2.2 Vínculo Casal (Matrimonial)
Reconhece-se a
tendência do ser humano a organizar sua vida vincular em estruturas, que vão de
uma menor a uma maior estabilidade, segundo os psicanalistas Puget e Berenstein
(1994). Para os mesmos autores os parceiros possuem elementos definitórios, que
permitem referir-se a ele como uma unidade ou estrutura com alto grau de
especificidade. A fim de diferenciar a relação diádica matrimonial de outras
não matrimoniais, necessário se faz, definir parâmetros:
Toda
pessoa disposta a constituir um
vínculo de casal sabe, consciente ou inconscientemente, a partir dos modelos socioculturais, que isto implica certos
elementos constantes e pressupostos que dão sentido ao campo do permitido,
oposto ao do proibido. Por exemplo, o modelo sociocultural prescrito para
casais inclui relações sexuais, as tenham ou não. Os parâmetros definitórios,
embora providos a partir do mundo sociocultural, possuem registros no mundo
psíquico, proveniente do infantil, onde se incorpora o modelo objeto casal,
construção imaginaria constituída por três representações: uma proveniente da
inermidade do sujeito infantil, em relação ao objeto reparador, estrutura relacionada
originária; esta estrutura corresponde ao narcisismo primário, a denominamos de
Objeto Único e dela ocuparemos pormenorizadamente mais adiante. Outra é a
representação de um papai e uma mamãe, dos quais o bebê tem uma posição de
exclusão.

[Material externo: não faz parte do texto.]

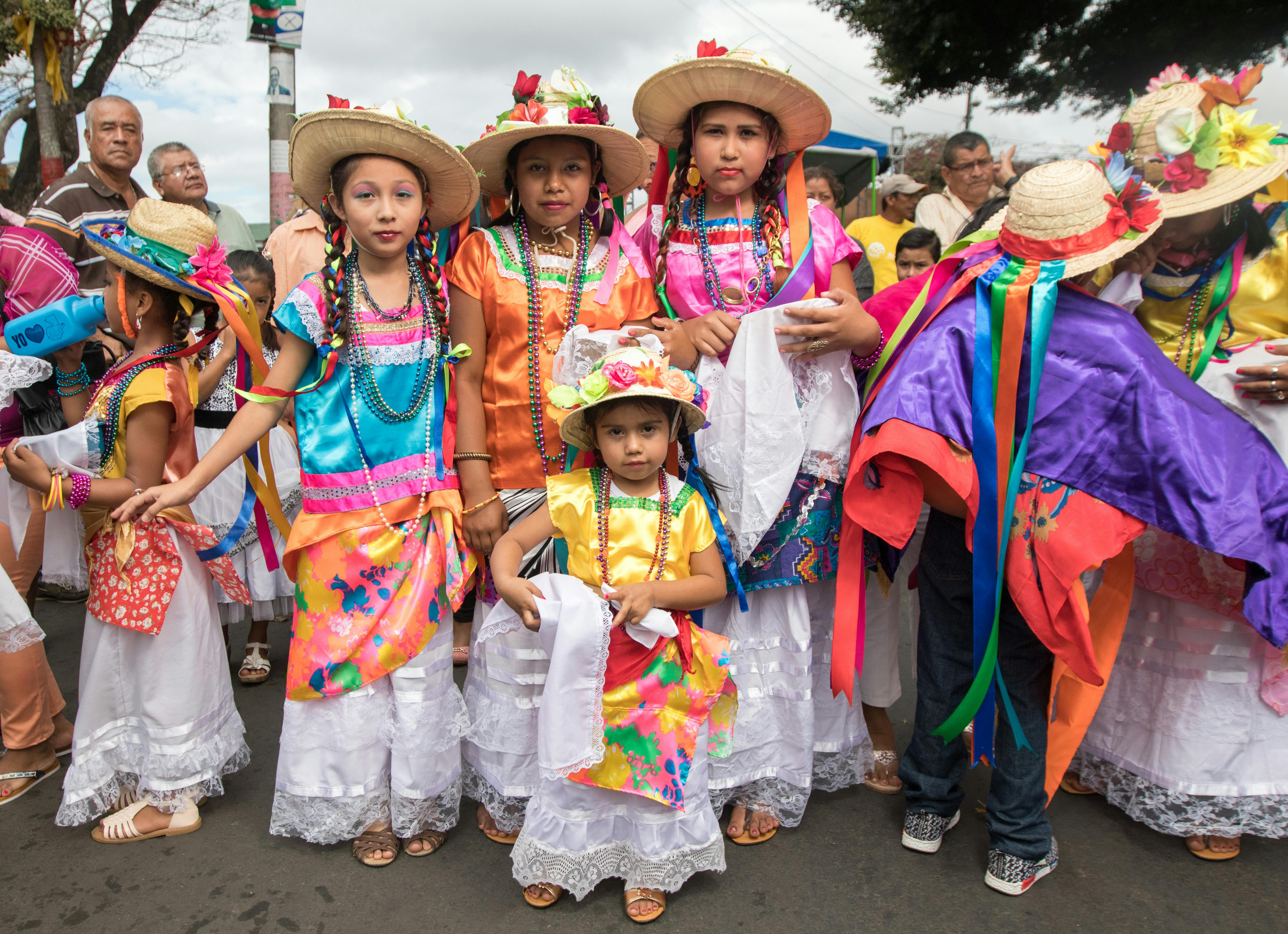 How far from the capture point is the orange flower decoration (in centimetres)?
228

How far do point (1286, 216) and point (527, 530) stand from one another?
2.28 m

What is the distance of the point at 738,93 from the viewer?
255 cm

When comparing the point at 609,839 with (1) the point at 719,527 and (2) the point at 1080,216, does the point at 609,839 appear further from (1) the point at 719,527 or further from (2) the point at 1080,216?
(2) the point at 1080,216

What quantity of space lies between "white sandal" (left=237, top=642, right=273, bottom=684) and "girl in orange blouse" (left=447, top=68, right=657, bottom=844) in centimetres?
163

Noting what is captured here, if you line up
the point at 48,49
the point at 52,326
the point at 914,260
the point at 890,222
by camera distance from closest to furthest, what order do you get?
the point at 52,326, the point at 914,260, the point at 890,222, the point at 48,49

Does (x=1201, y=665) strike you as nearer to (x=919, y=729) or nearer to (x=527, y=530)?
(x=919, y=729)

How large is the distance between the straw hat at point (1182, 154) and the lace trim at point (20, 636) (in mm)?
3512

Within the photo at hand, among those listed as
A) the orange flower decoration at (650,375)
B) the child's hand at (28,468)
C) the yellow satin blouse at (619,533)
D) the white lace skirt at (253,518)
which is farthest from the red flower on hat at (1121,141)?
the white lace skirt at (253,518)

A terceira, uma representação social, é a de um contexto
extrafamiliar, que inclui papai, mamãe e bebê, compondo um código e uma serie
de sinais, que se referem à organização da estrutura familiar. (Puget & Berenstein,
1994, p. 6).
A estabilidade
pode ser descrita de duas diferentes maneiras: como vida, com o predomínio de
Eros, onde o ritmo de estabilidade torna-se um sustentáculo para o crescimento
e a abordagem de novas situações; ou como morte, através da predominância de
Tanatos, que se caracterizará como presença marcante de tédio e aborrecimento
na vida do casal.
2.3 Os vínculos
Os parceiros
construirão e manterão uma representação do vínculo, a partir de três
modalidades de contado com o outro, as quais, por pressuposto teórico, todo ser
humano constrói desde seu nascimento. São chamados de nível originário, nível
fantasmático e modalidade ideativa.
O casal
então é, como dissemos na definição, uma estrutura vincular entre duas pessoas,
isto é, uma relação intersubjetiva estável entre um Eu e outro Eu, onde tem
cabimento o mundo intra-subjetivo de cada um, e onde o vínculo, por sua vez,
ocupa uma área diferenciada da estrutura objeta (Puget & Berenstein, 1994.
p. 18).
O nível
originário é o contato que se estabelece com o outro antes da capacitação da
fala, é, portanto, incapaz de ser traduzido em comunicação verbalizada. Sem
esta presença não seria possível o sustentar de nenhum vínculo. Este contato
primariamente estabelecido através das sensações com contato corporal do bebê
com o corpo da mãe (Outro primordial), inscrito indelevelmente no aparelho
psíquico do sujeito e que se expressa através de um composto de
imagem-emoção-sentimento evocado quando o Eu olha, ouve ou sente a presença de
um outro externo. É a partir deste nível o Eu imagina a si próprio relacionado
com um outro, sem solução de continuidade, fundido e desconhecendo os limites
próprios e os dos outros.
O Nível
fantasmático é uma modalidade vincular quando o Eu reconhece a existência de um
outro Eu. A presença deste outro é marcada por um desejo do que quer que o
outro seja. É uma construção baseada nas fantasias.
A modalidade
ideativa ocorre a partir das palavras intercambiadas entre os parceiros, as quais
estarão sujeitas a serem bem-entendidas ou mal-entendidas.
2.3.1 Vínculo
adesivo
Este vínculo também
chamado de narcisista dual onde predominam fantasias e emoções relacionadas com
o medo de ficar isolado diante da ameaça de separação ou de perda do outro. Sua
expressão é realizada através da fantasia de contato pele a pele, como se
formassem apenas uma. Ocorre uma sensação predominante de solidão objetal, da
qual se defenderão criando um vínculo dual para confirmar sua crença de uma
disponibilidade permanente do outro.
Toda separação
é registrada como falta de contato, evocando vivências de desespero ocorridas
na primeira infância e registradas como inexistentes, ficando a mercê de um
mundo interno hostil e deteriorado.
Com a
finalidade de evitar estas sensações recorrem à censura ou a algum tipo de
atuação que tendam a idealizar quantitativamente os momentos passados
fisicamente juntos ou em contato permanente, por intermédio de ligações
telefônicas ou mesmo com intuições da necessidade de um e de outro. Neste
vínculo um Eu fará o papel de aderido e o outro, de buscador de aderência.
2.3.2 Vínculo
de posse
Como no vínculo
anterior, neste também ocorre a hegemonia do contato corporal e concreto entre
os Eu, a fim de diminuir a distância dos dois sujeitos que compõem o vínculo.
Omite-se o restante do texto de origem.